↓↓↓

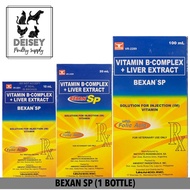 Univet Bexan SP Vitamin B-Complex + Liver Extraxt (10ml/20ml/100ml)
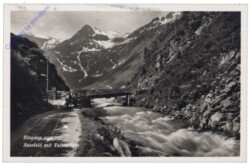 Tröpolach, Eingang zum Nassfeld mit Valeriehaus
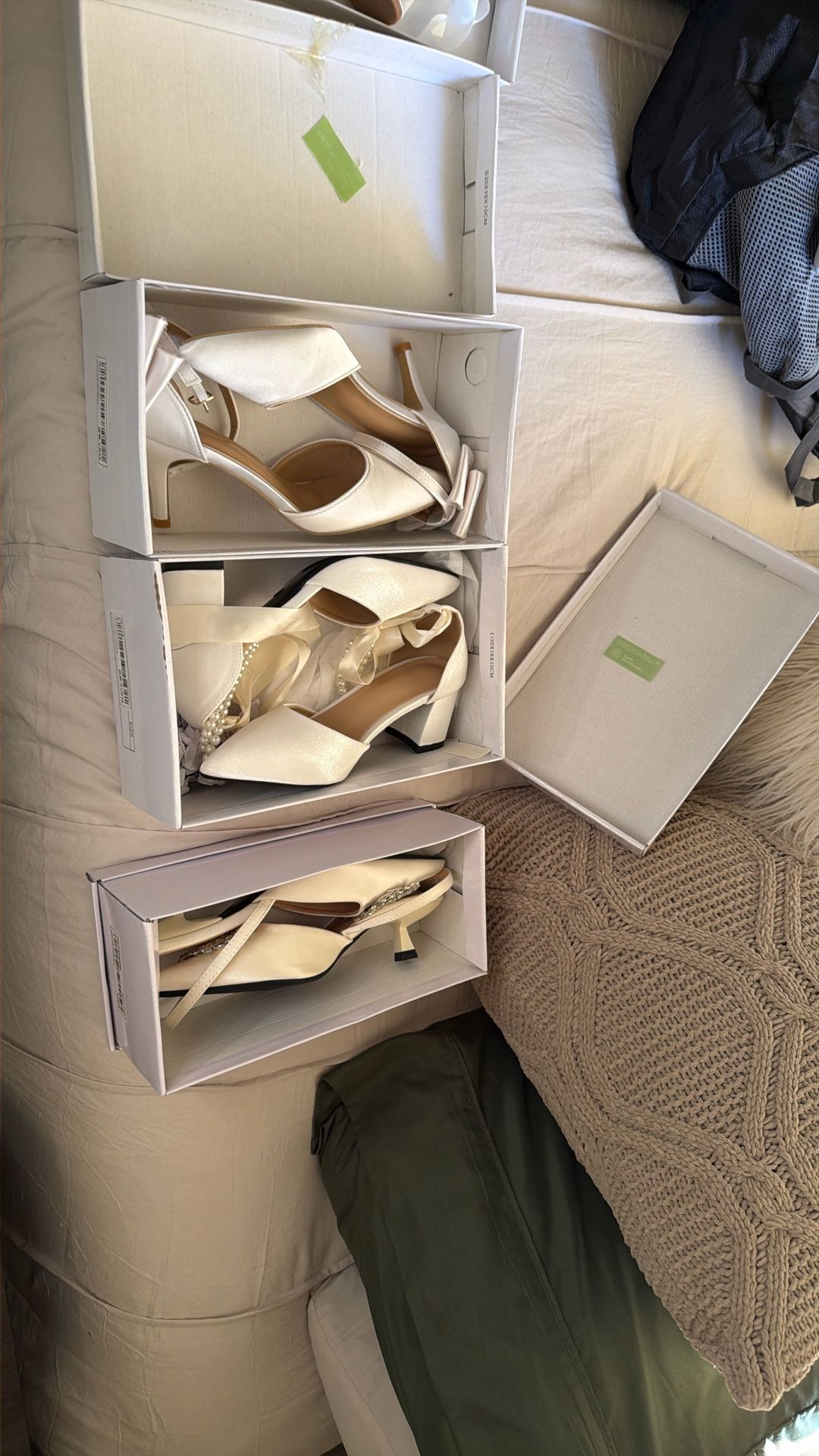 Bridal Shoes Size 7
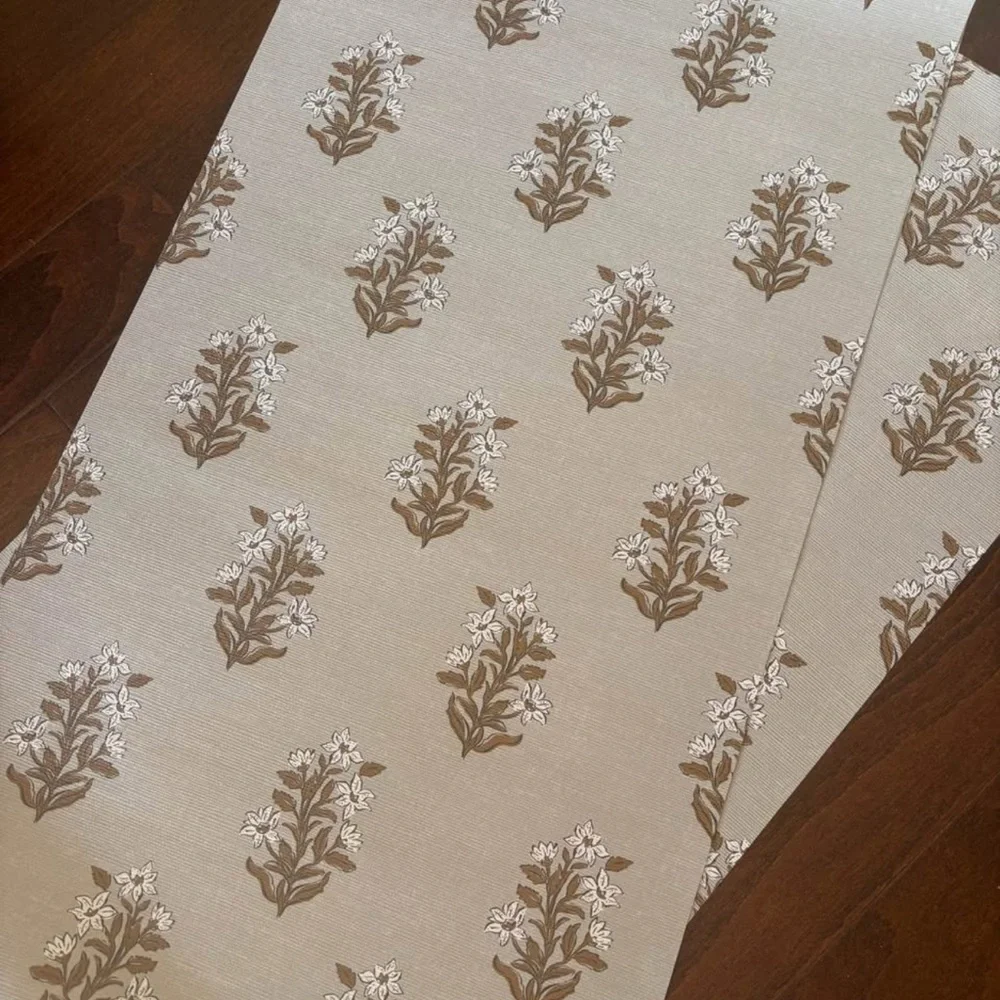 Chasing paper- Heritage Floral- Grey Merigold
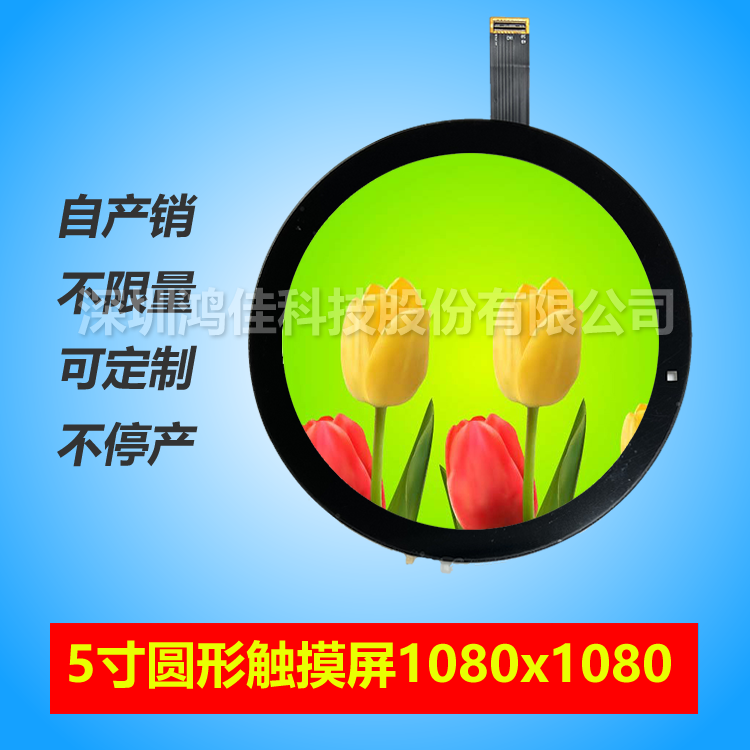 5��A��Һ����1080*1080�����c�|����GT911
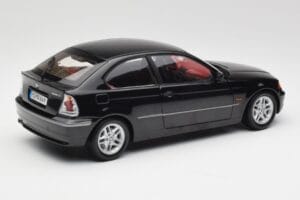 BMW 325Ti Compact E46 Negro Kyosho 1:18 80430024440 Metal - imagen 3 de 7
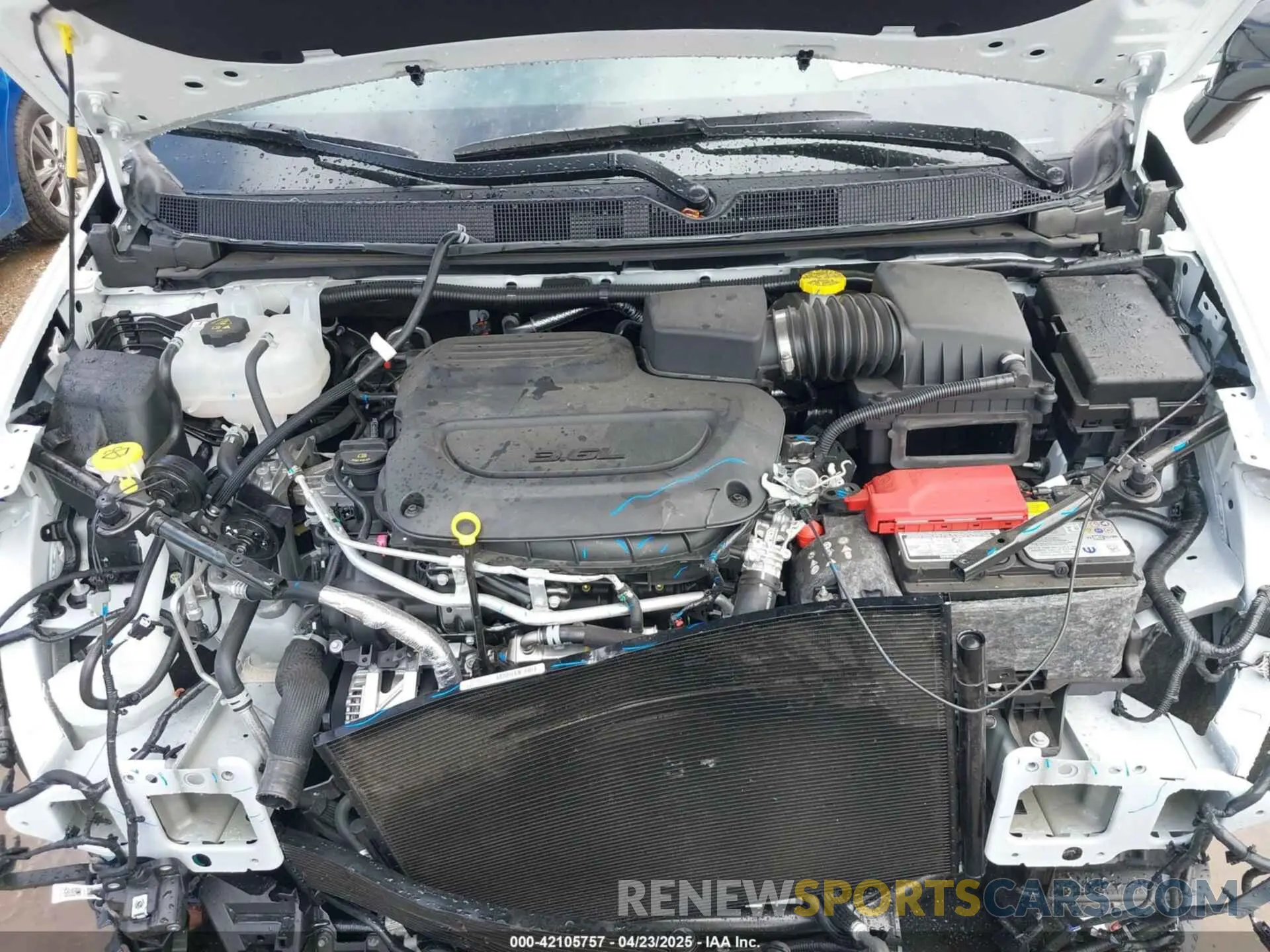 10 Photograph of a damaged car 2C4RC1BG6SR532473 CHRYSLER PACIFICA 2025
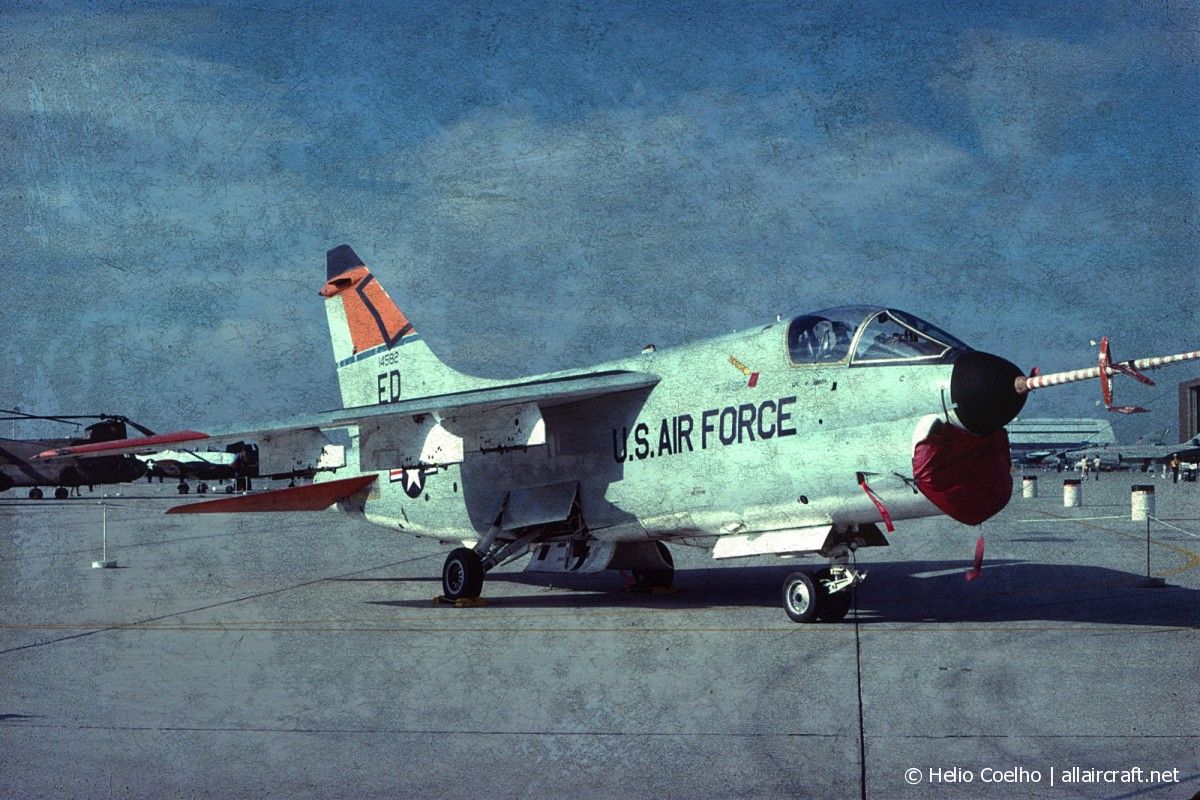 67-14582 · Ling-Temco-Vought YA-7D Corsair II · (EDW / KEDW)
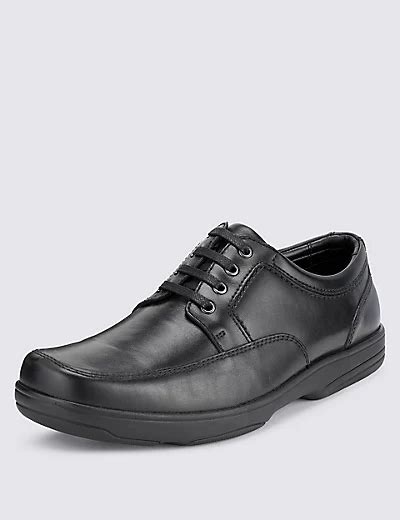 Big And Tall Extra Wide Fit Leather Shoes Mands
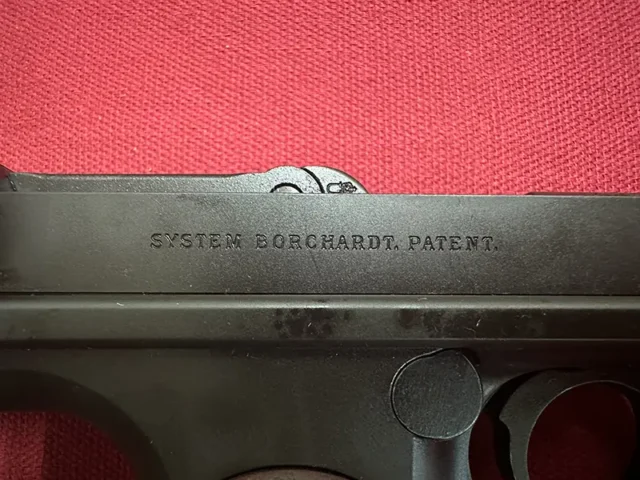 クラフトアップルワークス ボーチャードピストルC-93 刻印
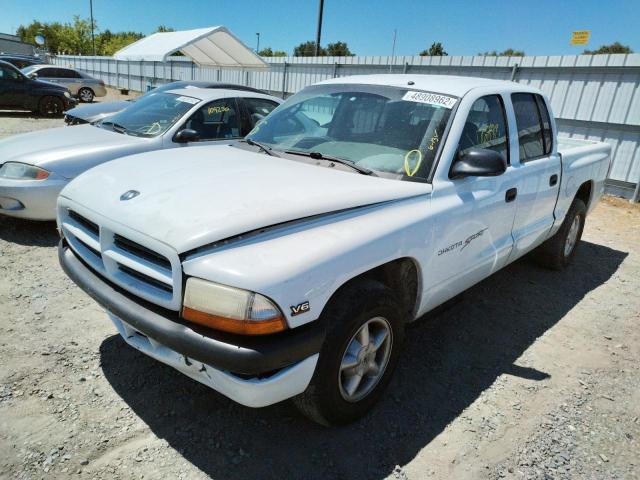 Photo 2 from auction – 2000 DODGE DAKOTA QUA with VIN 1B7GL2AX8YS653494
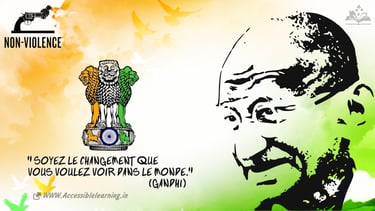 Gandhi's Journey: From South Africa to Independent India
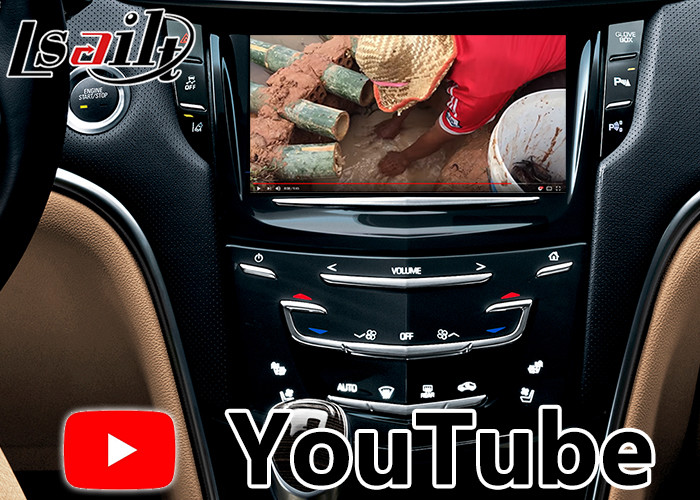 Android 9.0 Car Video Interface for Cadillac XTS / XTS 2014-2020 with CUE System Waze YouTube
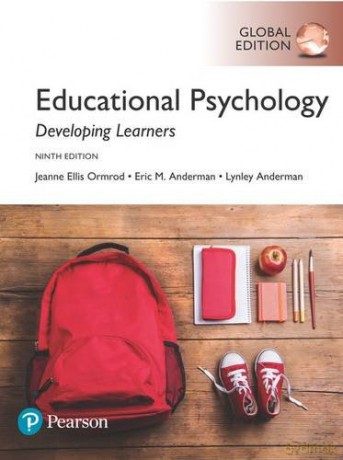 Educational Psychology: Developing Learners, Global Edition - Jeanne Ormrod [KSIĄŻKA]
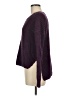 Sam Edelman Solid Purple Pullover Sweater Size M - photo 5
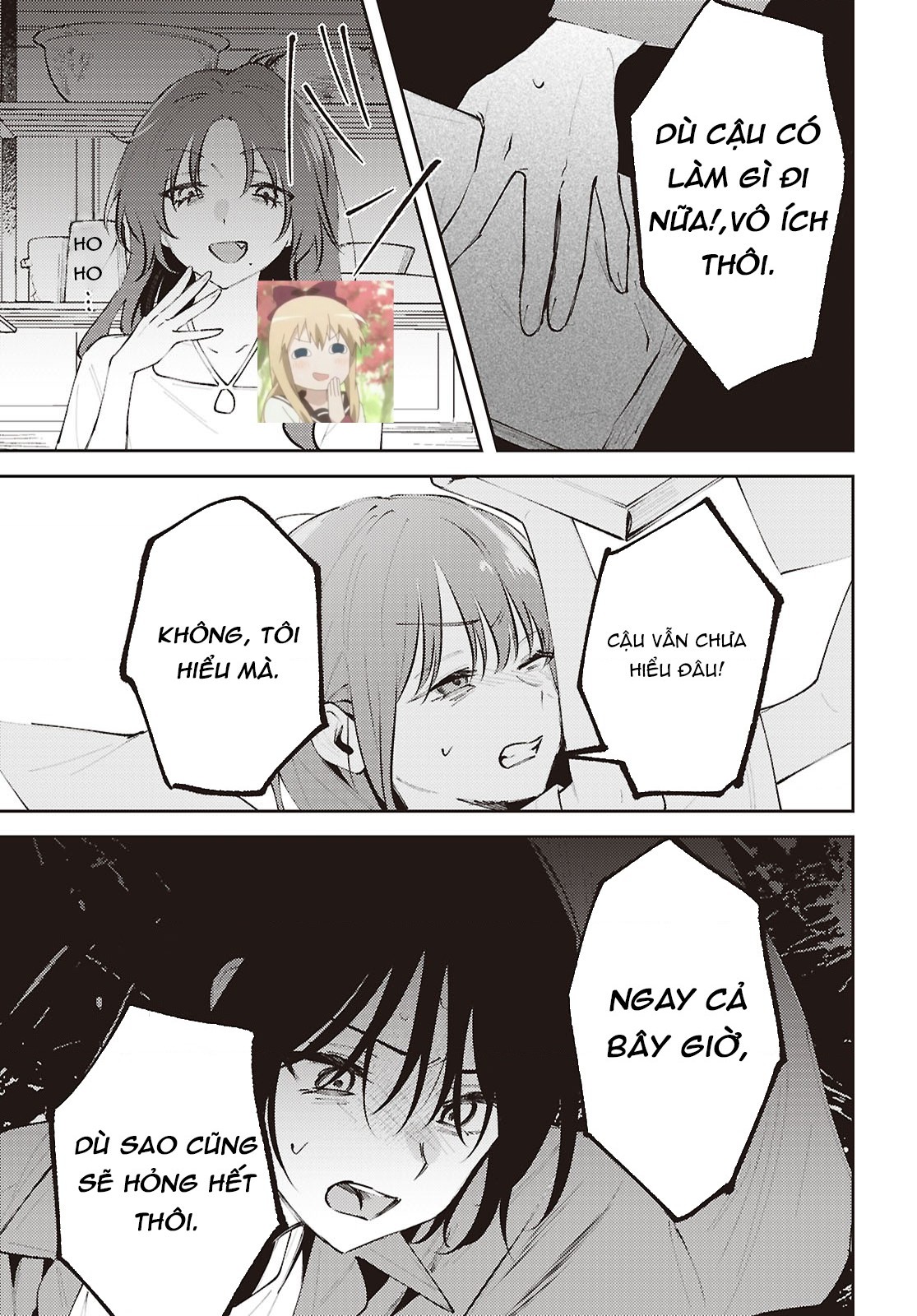 đọc truyện Yêu Em Đến Tận Cùng Địa Ngục Chương 25 ảnh 40 tại Thiên Thai Truyện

↑↑↑

• EXERCISE INSTRUCTIONS: What you return must match, line for line, the records from the line containing "Tröpolach, Eingang zum" through their end, with both ends included and no pictures.

• RESPONSE TO THIS EXERCISE:
 Tröpolach, Eingang zum Nassfeld mit Valeriehaus
 Bridal Shoes Size 7
 Chasing paper- Heritage Floral- Grey Merigold
 5��A��Һ����1080*1080�����c�|����GT911
 BMW 325Ti Compact E46 Negro Kyosho 1:18 80430024440 Metal - imagen 3 de 7
 10 Photograph of a damaged car 2C4RC1BG6SR532473 CHRYSLER PACIFICA 2025
 67-14582 · Ling-Temco-Vought YA-7D Corsair II · (EDW / KEDW)
 Big And Tall Extra Wide Fit Leather Shoes Mands
 クラフトアップルワークス ボーチャードピストルC-93 刻印
 Photo 2 from auction – 2000 DODGE DAKOTA QUA with VIN 1B7GL2AX8YS653494
 Gandhi's Journey: From South Africa to Independent India
 Android 9.0 Car Video Interface for Cadillac XTS / XTS 2014-2020 with CUE System Waze YouTube
 Educational Psychology: Developing Learners, Global Edition - Jeanne Ormrod [KSIĄŻKA]
 Sam Edelman Solid Purple Pullover Sweater Size M - photo 5
 đọc truyện Yêu Em Đến Tận Cùng Địa Ngục Chương 25 ảnh 40 tại Thiên Thai Truyện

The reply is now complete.